Ramifications of English Conquest of Flanders in the 14th Century

As part of the Hundred Years War, England supported Flemish rebels in Ghent against the Count Louis "the Bad" and his son-in-Law Philip of Burgundy. Thanks to John of Gaunt's diversion of resources to Spain (whose throne he had a claim to) and general malaise and political incompetence in England, the English did not land an army in Flanders until 1382, after Louis, with French assistance, crushed the Flemings at the battle of Roosebeke.
So let's say, for whatever reason (John of Gaunt falling off a horse etc.), the English settle on intervening in the Flemish Revolt sooner. The addition of 6000+ English soldiers probably is enough to prevent the Flemish defeat at Roosebeke, though it almost certainly triggers a French intervention (Charles invaded with something like 30,000 soldiers, though the French were forced to withdraw fairly quickly due to lack of funds). Alternately, if we go back to the 1350s, perhaps Louis de Male marries Margaret to Edmund of Langley.

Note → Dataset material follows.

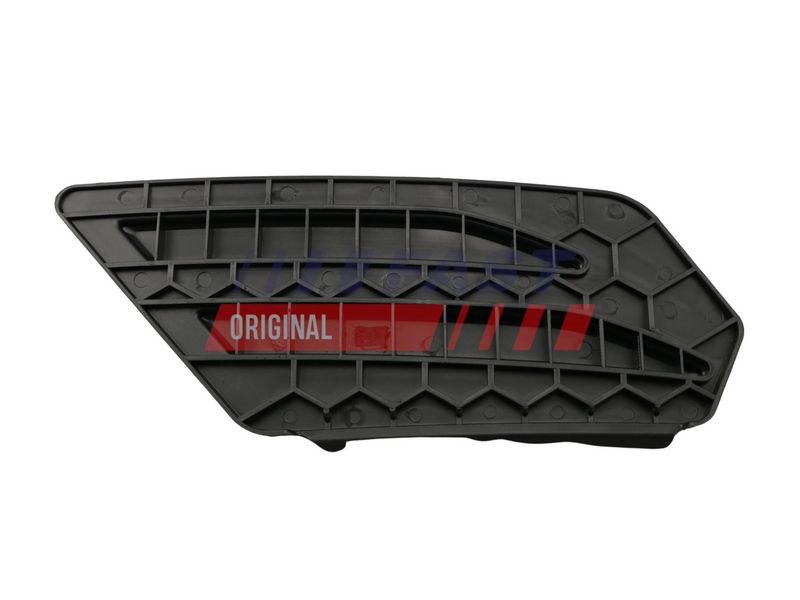 FT92405G FAST - НАКЛАДКА БАМПЕРА VW CRAFTER II 16> ПЕРЕД ЛВ СХОДИНКА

It seems to me that if England can secure control over Flanders, then their position in Calais (and for that matter Artois) becomes much firmer, and they may or may not have a stronger basis for supporting their claim to France. Alternately, perhaps a peace deal at Leulinghem etc. trades renunciation of English claims in France for renunciation of French sovereignty over Flanders.